• **Collected material**:
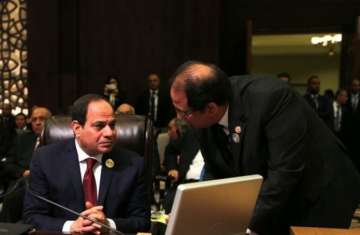 عباس كامل والرئيس السيسي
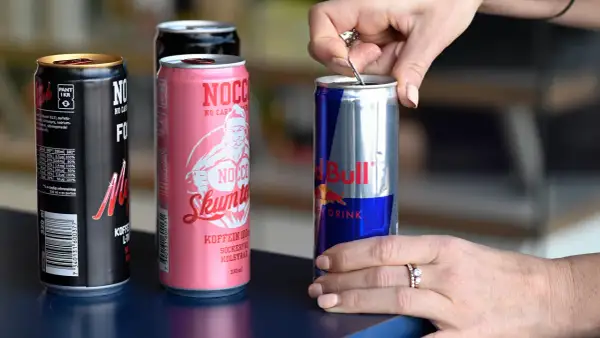 En hand öppnar en burk Red Bull, bredvid NOCCO-burkar. Koffein redbull för energi.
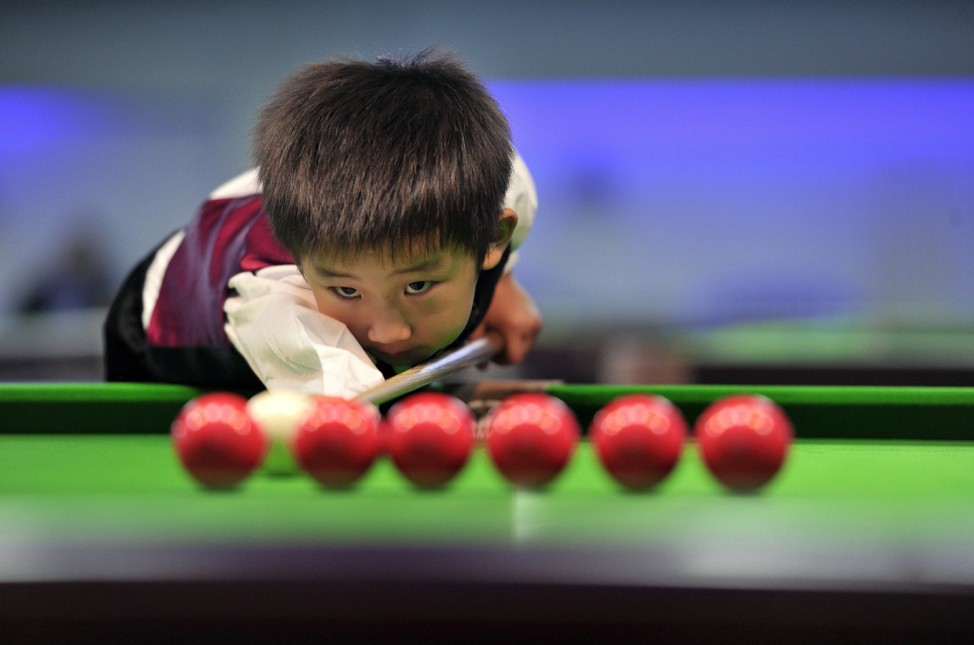 Three-year-old Wang practises before playing snooker with seven-time World Championship winner Hendry in Beijing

• **What you will do**:
Your copy of the listing should match it exactly, apart from the pictures, which are left out.

• **Exercise output**:
 عباس كامل والرئيس السيسي
 En hand öppnar en burk Red Bull, bredvid NOCCO-burkar. Koffein redbull för energi.
 Three-year-old Wang practises before playing snooker with seven-time World Championship winner Hendry in Beijing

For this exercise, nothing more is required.